Stress, fatigue, voire surmenage, dans un cas comme dans l’autre, c’est toujours le même qui trinque : qui a bon dos. Cette expression courante montre bien que tout se répercute dans le dos, événements traumatisants ou lentes poussées de fatigue non récupérées. Médecins et spécialistes prescrivent des médicaments, le plus souvent des analgésiques, qu’il ne faut pas hésiter à prendre si votre dos vous fait souffrir, car ils constituent le premier rempart contre le sentiment d’anéantissement ressenti par les patients atteints de lombalgies chroniques. Pour autant, il serait malheureux de s’arrêter à cette première étape, car le dos, tout comme l’ensemble du corps d’ailleurs, parle par les douleurs, qui sont des signaux, des signaux d’alerte à l’attention de votre cerveau.

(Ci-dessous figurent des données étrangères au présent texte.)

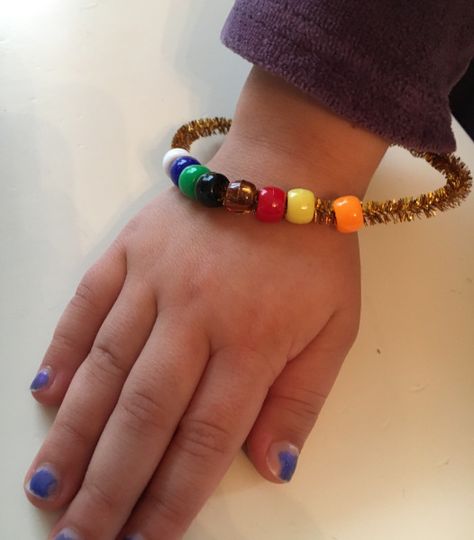 Thankful Bracelet Craft, Thanksgiving Bracelets For Kids, Thanksgiving Bead Craft, Thanksgiving Friendship Bracelet, Thanksgiving Bracelet Story, Thanksgiving Bracelet Ideas, Thanksgiving Bead Bracelet, Thanksgiving Story Bracelet, Thanksgiving Headband Craft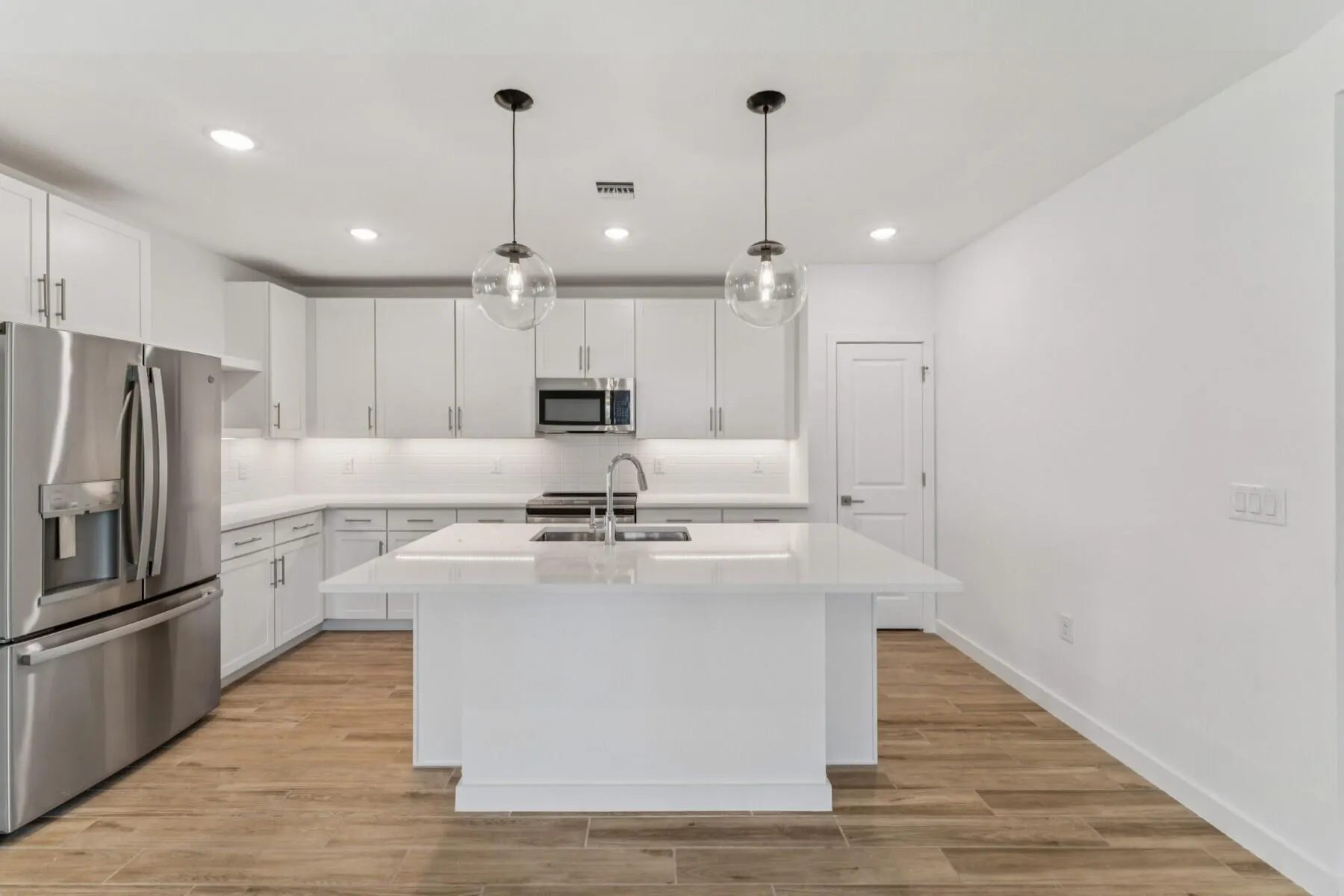 808 SW Trouville Avenue, #47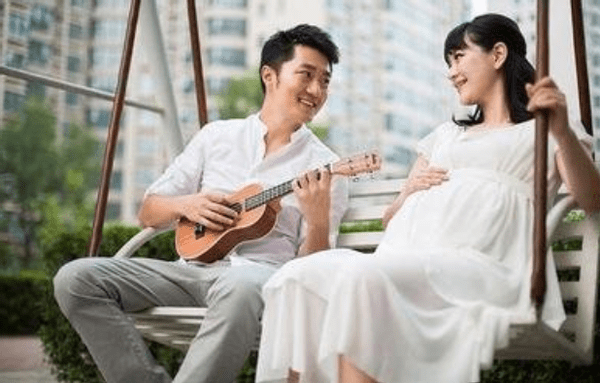 梦境的温柔迷思,解析梦见自己谈恋爱了且怀孕,男朋友却百依百顺的深层含义 梦境的温柔迷思,解析梦见自己谈恋爱了且怀孕,男朋友却百依百顺的深层含义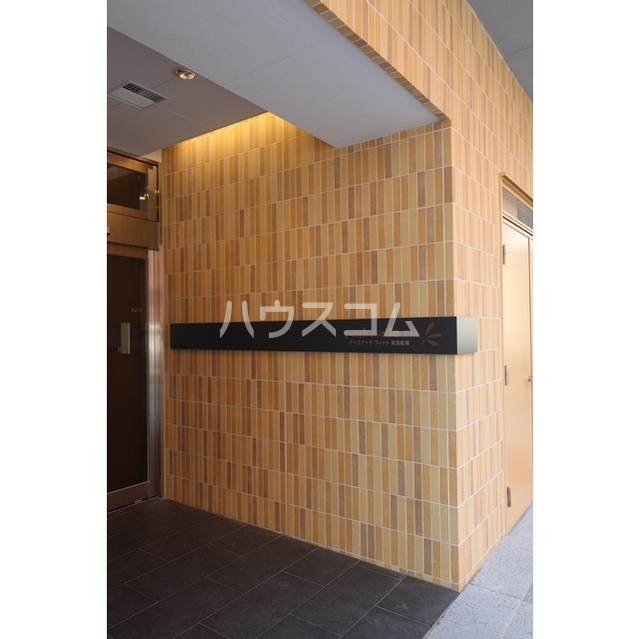 18/26 エントランス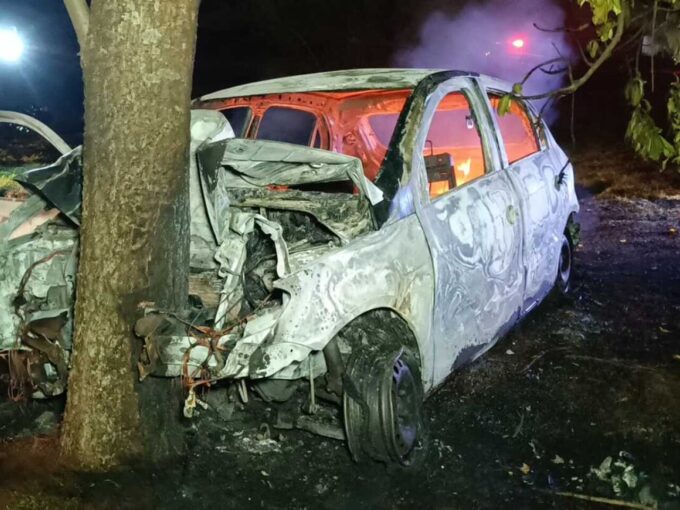 CARRO PEGA FOGO APÓS COLISÃO, HOMEM MORRE E MENOR FICA FERIDO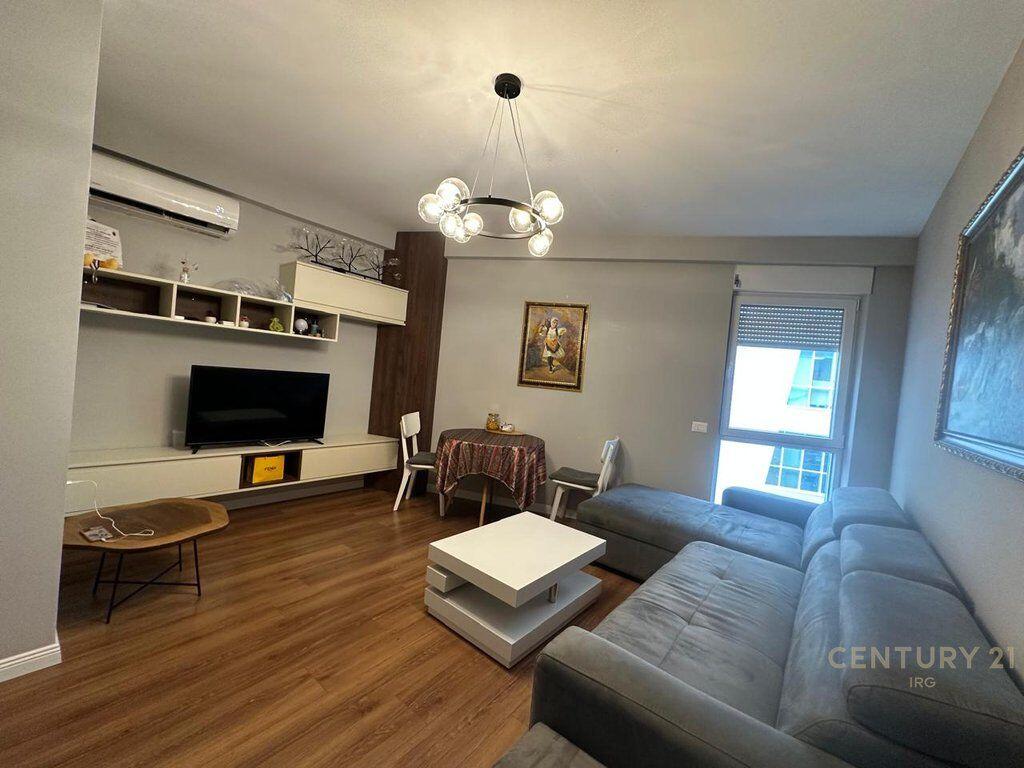 Appartamento 1+1 In Affitto, Complesso Magnet, 21 Dhjetori 650 € /Mese Sup. Totale 65m2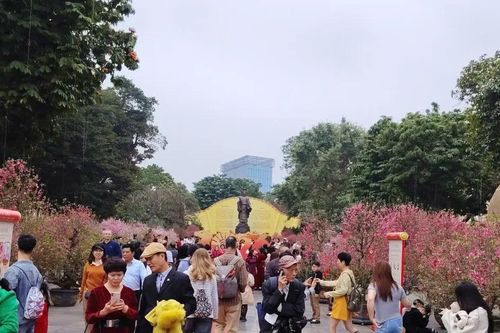 Điểm du xuân 'hot' trong Tết Bính Ngọ: Vườn đào quý rực rỡ bên tượng đài Vua Lý Thái Tổ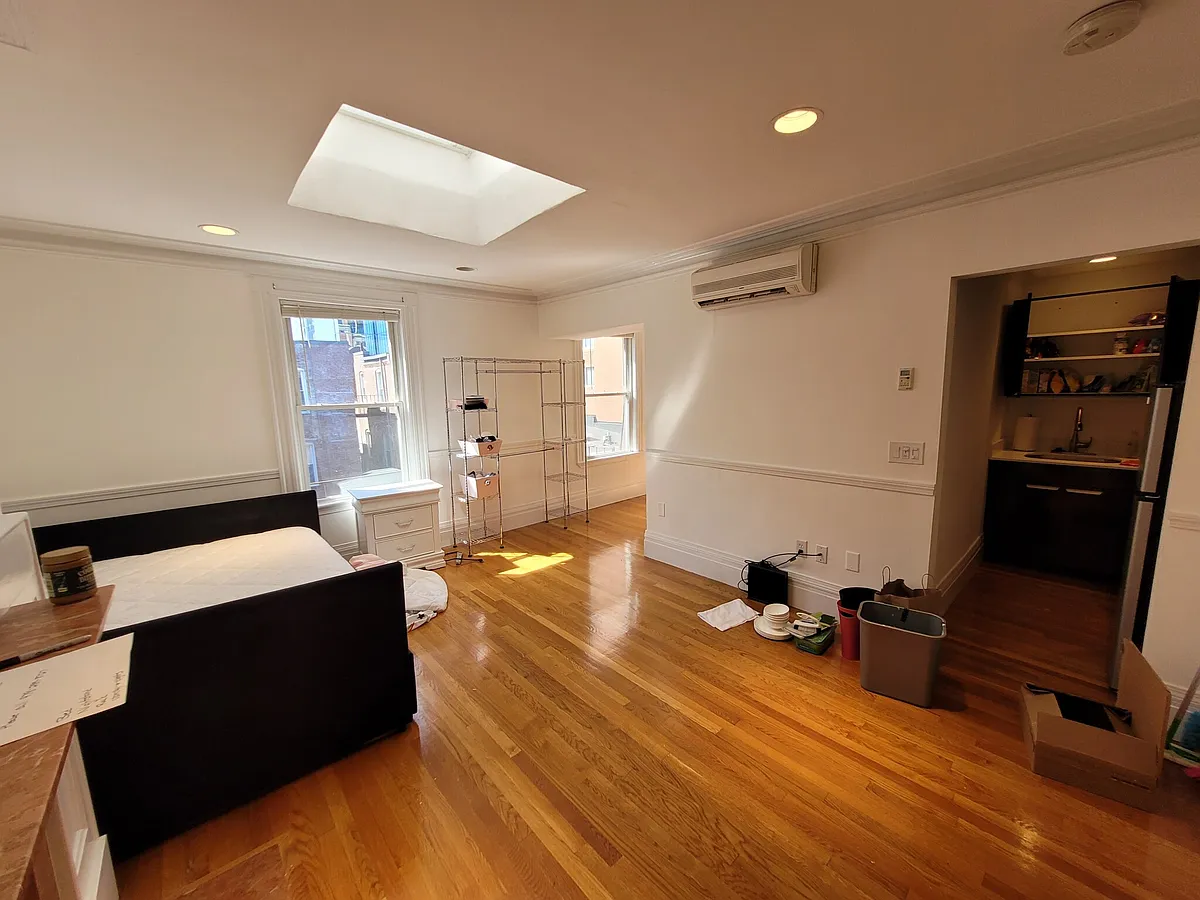 Building Photo - 254 Newbury St #5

Normalement, le médecin dirige ses patients vers un physiothérapeute qui aura pour mission de déceler les faiblesses de votre dos, étudier par le toucher et des mouvements sélectionnés s’ils s’agit de difficultés d’origine musculaire ou articulaire. C’est avec lui que vous apprendrez les gestes d’échauffement et les exercices quotidiens qui vous permettront de renforcer votre dos si précieux et d’éviter l’arrivée de prochaines douleurs.

« Le patient est souvent le mieux placé pour savoir ce qui lui fait du bien : très souvent, ils disent qu’une séance de massage ou un après-midi dans une eau thermale leur fait un bien fou. D’autres aiment aller marcher de longues heures. C’est très important que le patient soit acteur de sa propre santé. On constate que les personnes qui adoptent une pratique liée à la réparation de leur dos guérissent 30 à 40% mieux et plus vite, alors que 80% environ des personnes qui souffrent de maux de dos disent avoir eu déjà au moins 4 attaques insupportable de douleur, ce qui montre bien que les maux de dos sont récurrents, et qu’il faut tout mettre en application pour les éloigner et les soigner le plus surement. ! »

Mais un médecin a-t-il aussi des maux de dos ? Et si oui, qu’entreprend-il pour y remédier ? « (Rires) Bien sûr que j’ai aussi des maux de dos, malheureusement ! Mais prévenir est très important, aussi je me muscle régulièrement les parties les plus sensibles, surtout celles qui ont tendance à se rigidifier avec l’âge, et quand la douleur devient difficile à contenir, à cause du stress ou d’un mauvais mouvement, il m’arrive d’aller au salon de massage Paris Escort, qui a développé une très grande diversité de techniques adaptées selon les demandes. »

Il existe dans plusieurs villes de France des salons spécialisés dans les massages, dans lesquels vous trouverez un réconfort qui n’est pas seulement agréable, mais aussi indispensable dans un processus de renforcement. « Il ne faut surtout pas négliger l’importance du massage. D’abord, c’est apaisant, mais surtout, c’est souvent la seule manière de détendre les muscles en profondeurs, et de leur enlever cette rigidité qui durcit et les douleurs et les réflexes, et qui empêche bien souvent que la situation globale et locale s’améliore. » On l’aura compris, sans massage, pas de rémission pour le dos.